In bars around the world, this scene from Bride of Frankenstein plays itself out like a looped nightmare. Lights, camera, rebuff. As with scenes from the original Frankenstein, what's so achingly hard to watch in this clip is the brutality of rejection distilled down to its essence. His pleading hands, and her "Get the f---- away" scream. Can't blame him for wanting to touch. She is quite beautiful but sadly, aloof. (Where is Madeleine Kahn when you need her.) Equipped with a little Andrew Marvell, "Had we but world enough, and time, This coyness, lady, were no crime", etc., I think Frank might have fared better. Hmmm. Frankenstein's monster as a master of Courtly Love?

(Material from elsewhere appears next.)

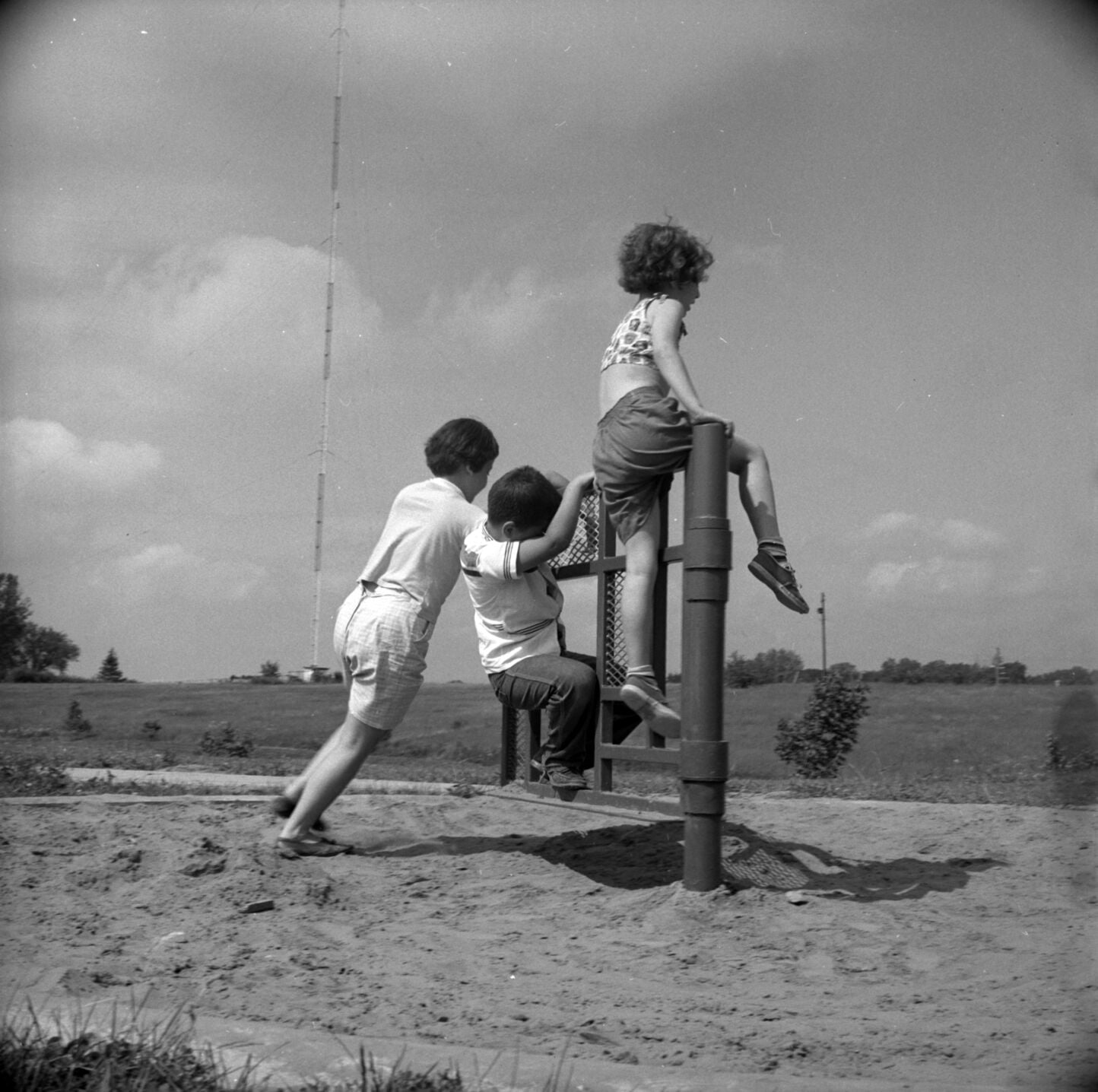 The making of Flora Park's 'modernistic playground' | Features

Going back a few years, when I was cobbling together a poetry chapbook, I worked up this shortie using Frank's pain as a jumping off point ....
Bride of Frankenstein Blues
Consider the moon, my friend, how its absence
troubles this unromantic air. Here in the dark,
like slow lightning, smoke unwinds,
creeps; everywhere you look, mouths, small dark graves
chew on drinks.
This is no night or finding brides.
Still, you come, touch her wrist,
and spring the classic recoil. It begins in her black eyes, darting
like spooked minnows around her stark face
and jitters down her spindly arms as they jerk back
from your touch and clasp up
her breast sacs as that piercing goose hiss escapes
her lovely lips. These damn castles are cold.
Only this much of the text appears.